(Data section)
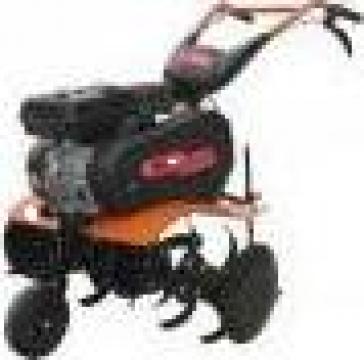 Reparatii motosapatoare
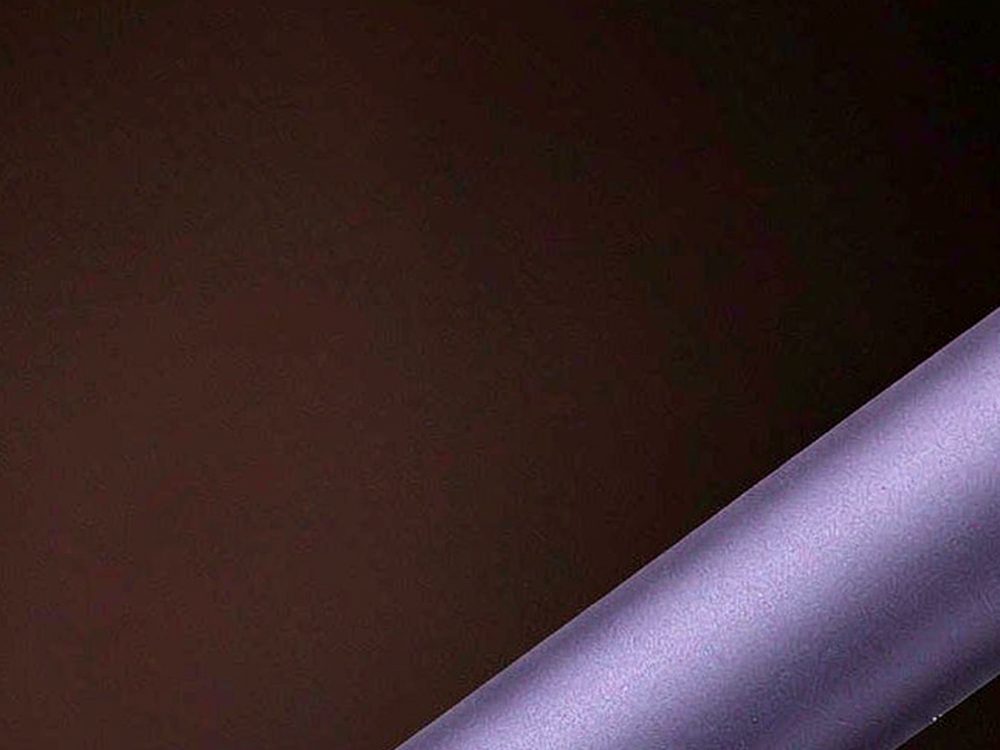 Sourcing Report on Beipu mods — 2026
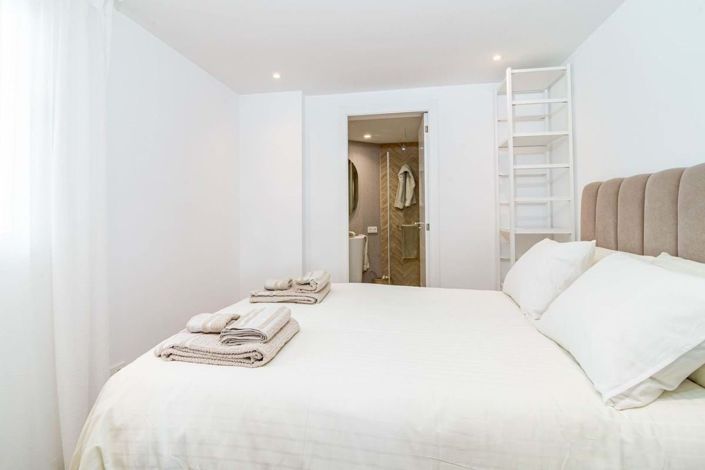 Image No.7-3 Bed Penthouse for sale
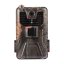 Suntek Ultra 4G APP +SMTP Trail Photo Camera (IN-HC-900)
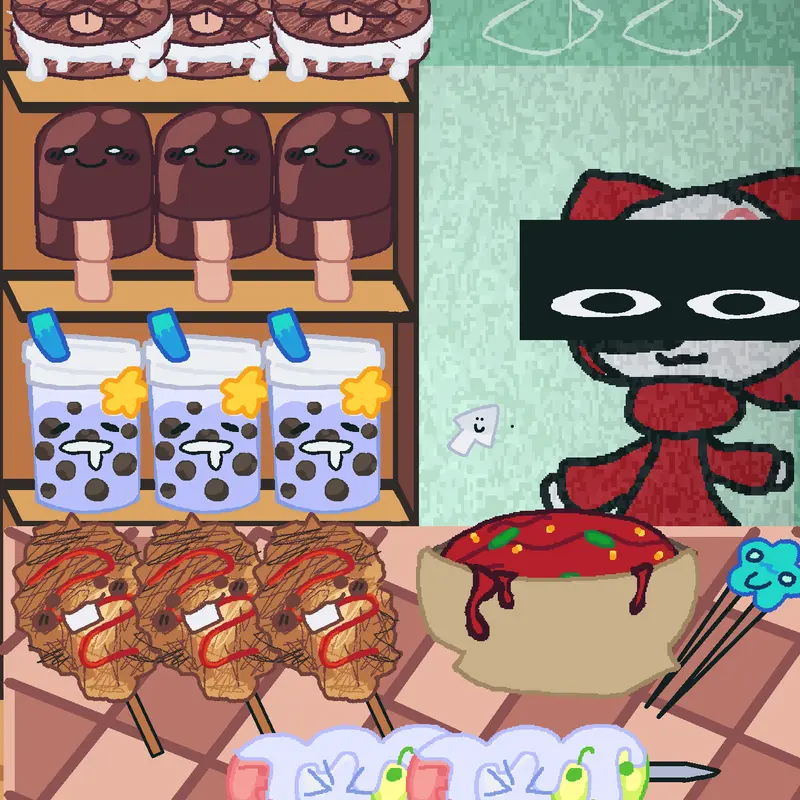 #food :) by @rukawakenjidomingo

(What the task requires)
When you set down the material above, keep every word exact and include no pictures.

(Final answer)
 Reparatii motosapatoare
 Sourcing Report on Beipu mods — 2026
 Image No.7-3 Bed Penthouse for sale
 Suntek Ultra 4G APP +SMTP Trail Photo Camera (IN-HC-900)
 #food :) by @rukawakenjidomingo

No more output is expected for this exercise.